As much as I was anticipating this book, I was also dreading it. How could one book live up to all the expectations, manage to tie up so many ends and answer so many questions? No pressure, JK. But while there are inevitably things not to love, I think she did beautifully.

Some of the things I loved (not by any means all inclusive):

  • The house elves. Dobby’s death made me cry, and I’m not a crier. I loved what she did with Kreacher—it bore out the idea that kindness and understanding (even to those who seem not to deserve it) can do amazing things. I love that he made Harry treacle tart. And the scene where Kreacher leads the house elves into battle is sheer GLEE.

  • The battle at Hogwarts. It had to happen there—missing the school was one of the things that was like an uneasy ache through most of the book. I love that that all the characters who should have been there were and everyone got at least a moment. Everyone from Oliver Wood to Grawp. And more GLEE over Professor Trelawney.

  • Molly Weasley being made of awesome

  • That saying Voldemort's You Know Who's name became not a good thing to do.

  • The giant spiders fighting for the bad guy, and not just because I hate spiders. I liked, that as much as there’s this idea that compassion and kindness can pay off (first bullet), it’s not a one-to-one ratio. Hagrid may have cared for their mother (and for them), but the spiders could care less.

  • Having Narcissa Malfoy save Harry and lie to Voldemort for her son.

  • Hermione's handbag. And just how smart that girl is.

  • Dudley, who has been fun to hate and mock, getting to be more than a one-note character.

  • Neville and his vulture-hat wearing grandmother.

  • That Volemort can (could) fly. I love this image.

  • Ron. Ron finally overcoming his inferiority complexes, and standing on his own feet.

  • That Harry came to lose all the trappings of boyhood/school. Poor Hedwig, his broom and even his wand.

  • Dumbledore. I liked his back-story. Not just the benevolent, purely saintly, twinkly eyed figure, but not just a manipulative, cold-blooded calculator either. A man with flaws.

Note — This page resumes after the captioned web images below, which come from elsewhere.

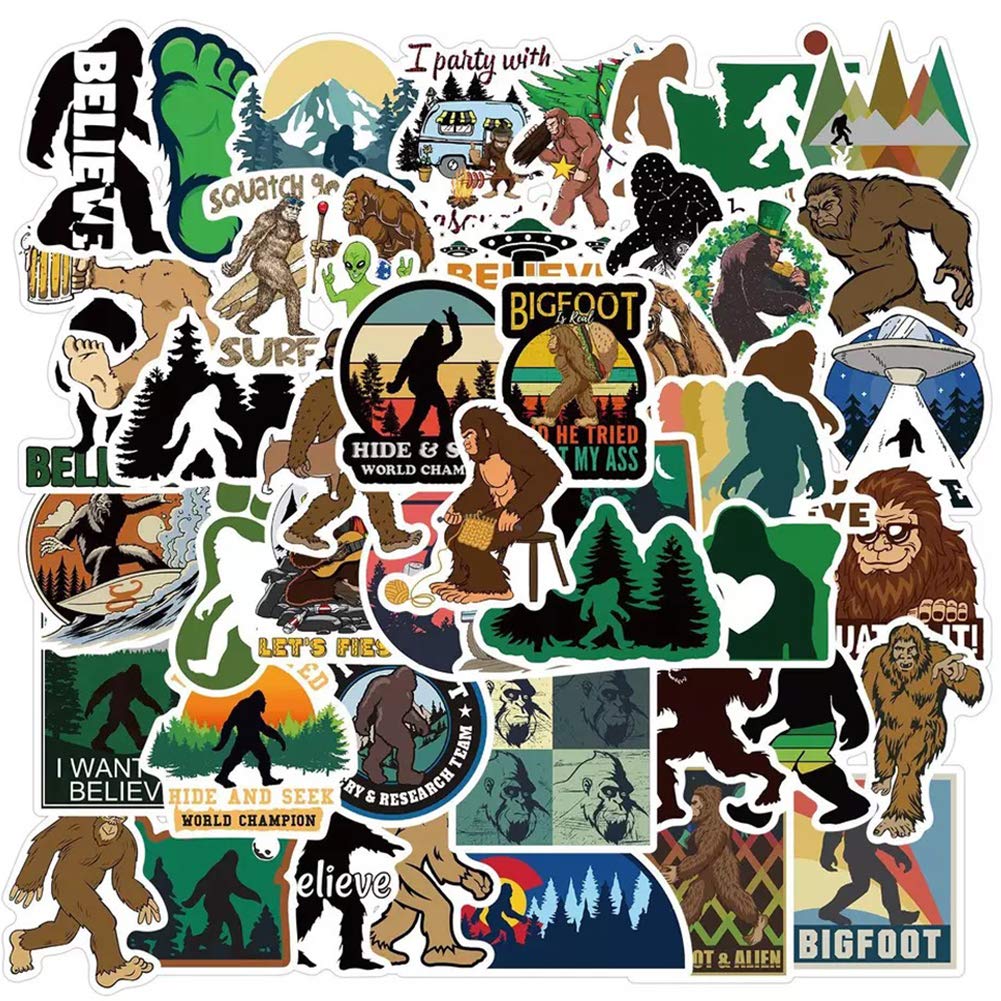 50 Pcs Bigfoot Stickers| Sasquatch Waterproof Vinyl Stickers for Water Bottles Laptop Refrigerator Luggage Computer Mobile Phone Skateboard Decals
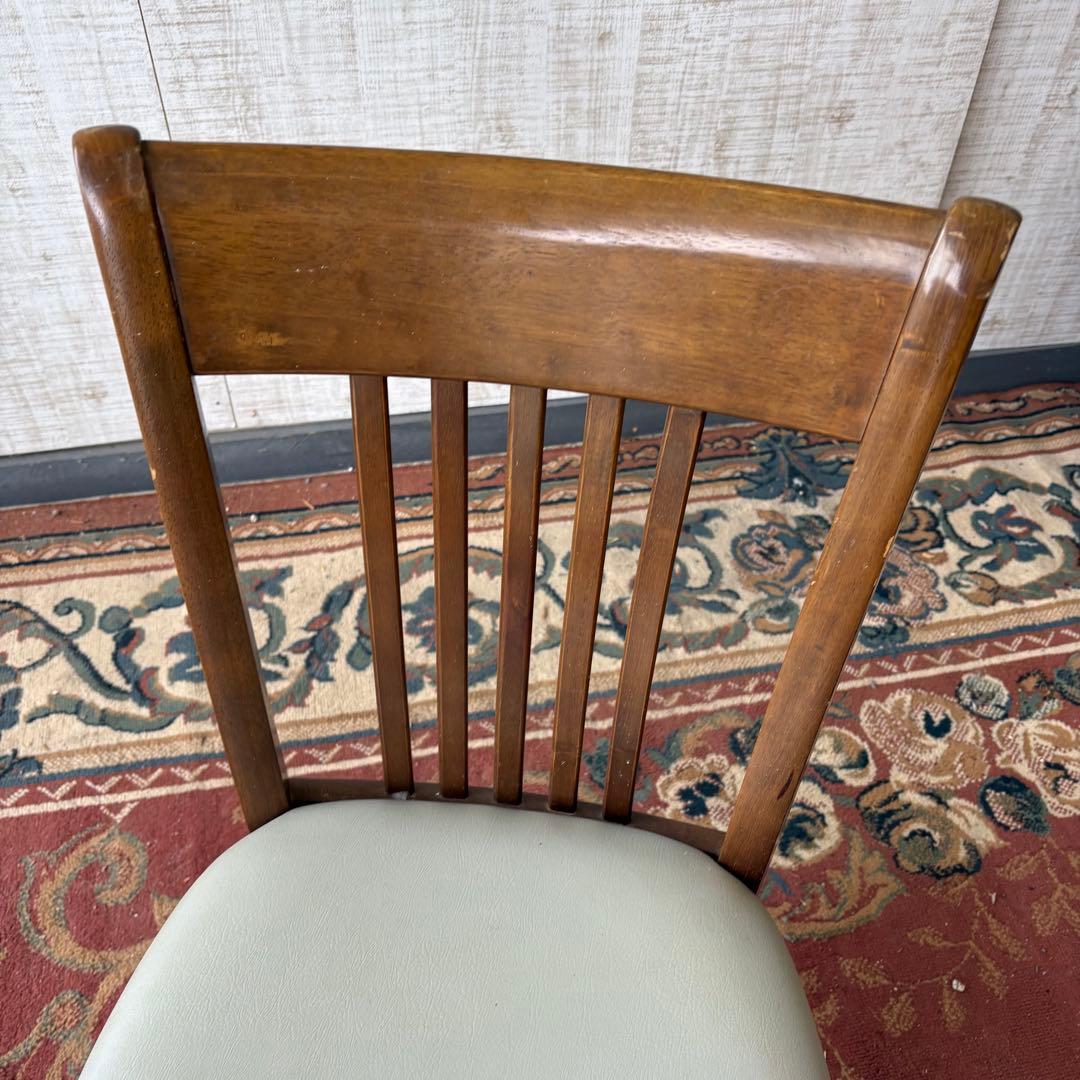 ① 昭和レトロ カリモク ダイニングチェア 木製椅子 古家具 グレー ビンテージ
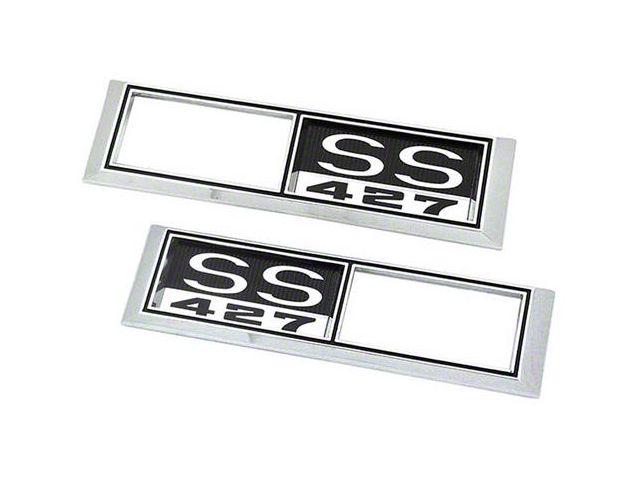 Front Side Marker Bezels with SS 427 Logo; Chrome with Black and White Background (1968 Biscayne, Caprice, Impala)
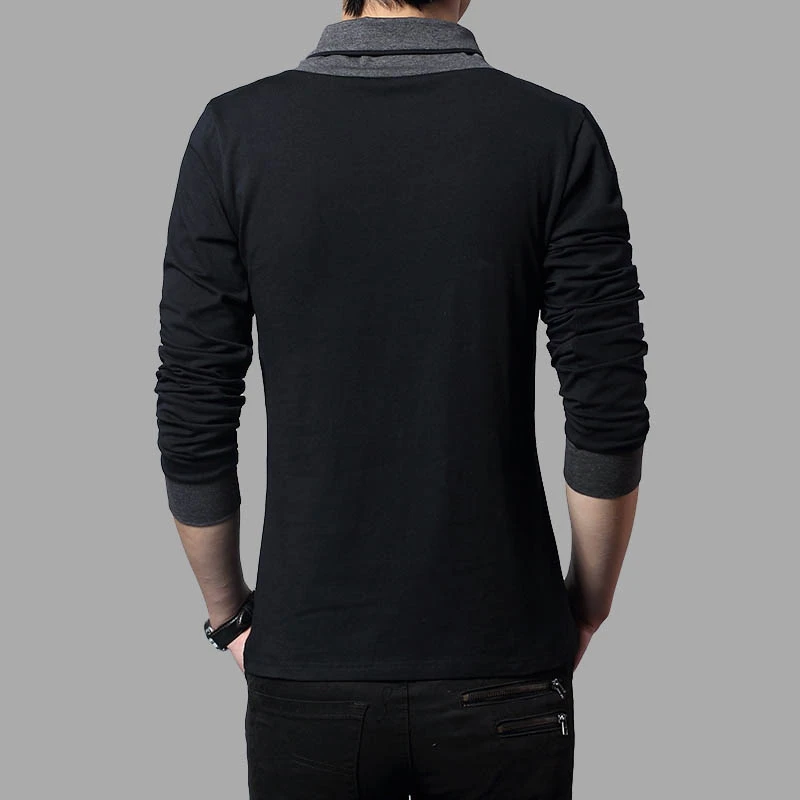 TFETTERS, брендовая Осенняя модная мужская футболка, Мужская Лоскутная футболка с v-образным вырезом и длинным рукавом, облегающая футболка из хлопка размера плюс 4XL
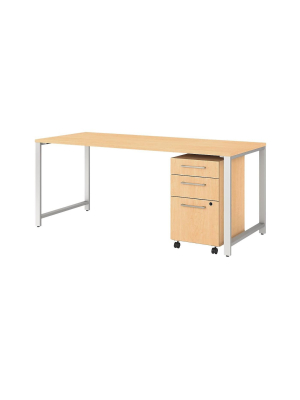 Bush Business Furniture 400 Series 71 Table Desk W/3 Drawer Mobile File Cabinet Natural Maple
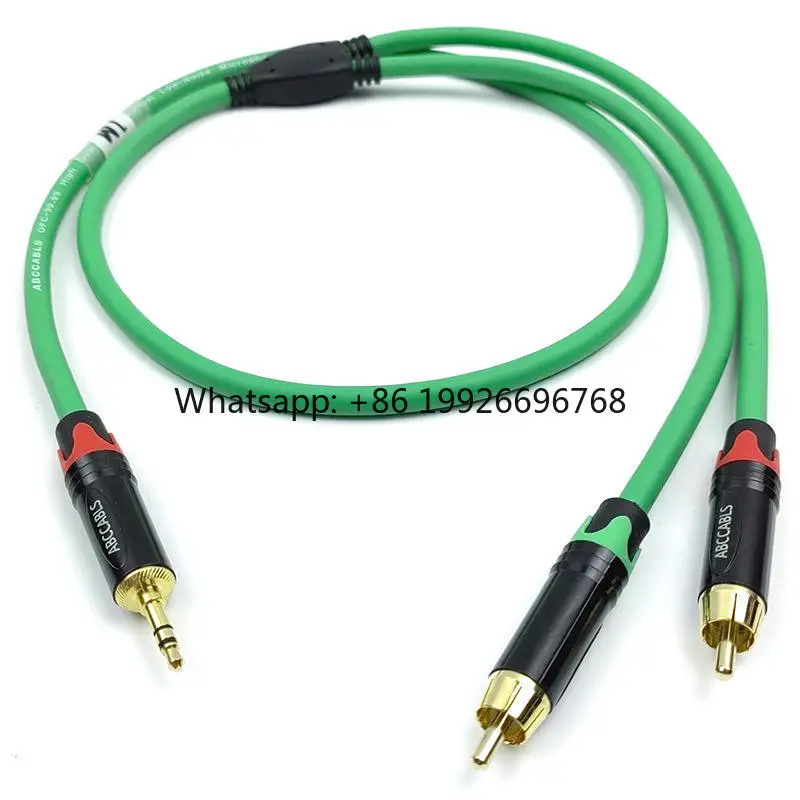 3.5mm Dual Lotus One-to-Two RCA Stereo Audio Cable,  for Speaker Combinations, Computers, Phones, Type C Audio Microphones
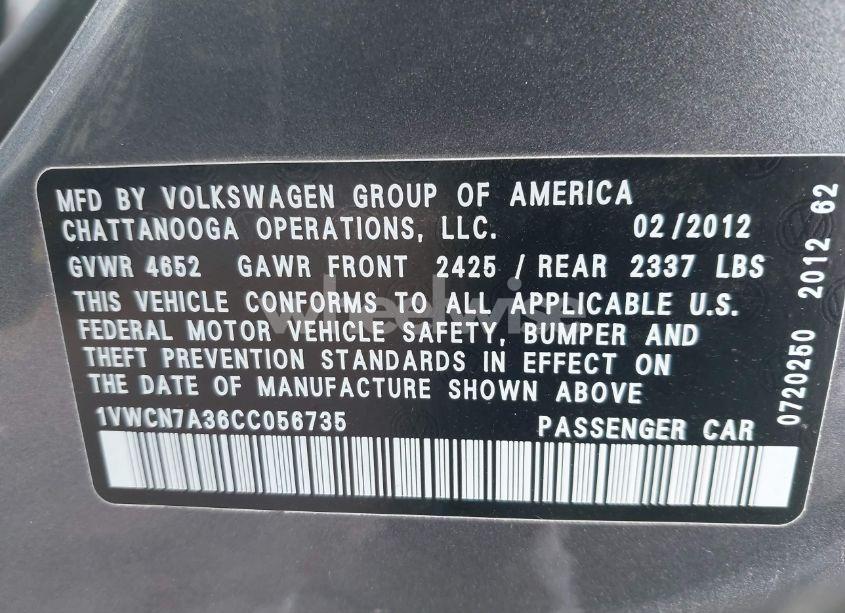 Photo 9 of 2012 Volkswagen Passat 2.0L TDI SEL PREMIUM (VIN 1VWCN7A36CC056735)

  • All the references back, tie-ins and small rewards for readers who've been paying attention (having not paid huge attention, I'm sure I've missed some of these). From Dumbledore's lie about the socks to "Are you a witch/wizard or what?" to the tent from the Quidditch World Cup--to name only a very few.


A few other things:

  • I find I’m rather opinion-less about how she handled Harry’s fate. She didn’t kill him, but he had his underworld/train station moment. I didn’t mind, but I didn’t love. I did like the tie back of his “death” acting like his mother’s to provide protection, but he didn’t really die, so it almost seemed like a cheat. His willingness to die was shown to be the key, so I guess JK got to have both ways, although I'm not really sure of the logic of it. I didn’t really believe she’d actually kill Harry off.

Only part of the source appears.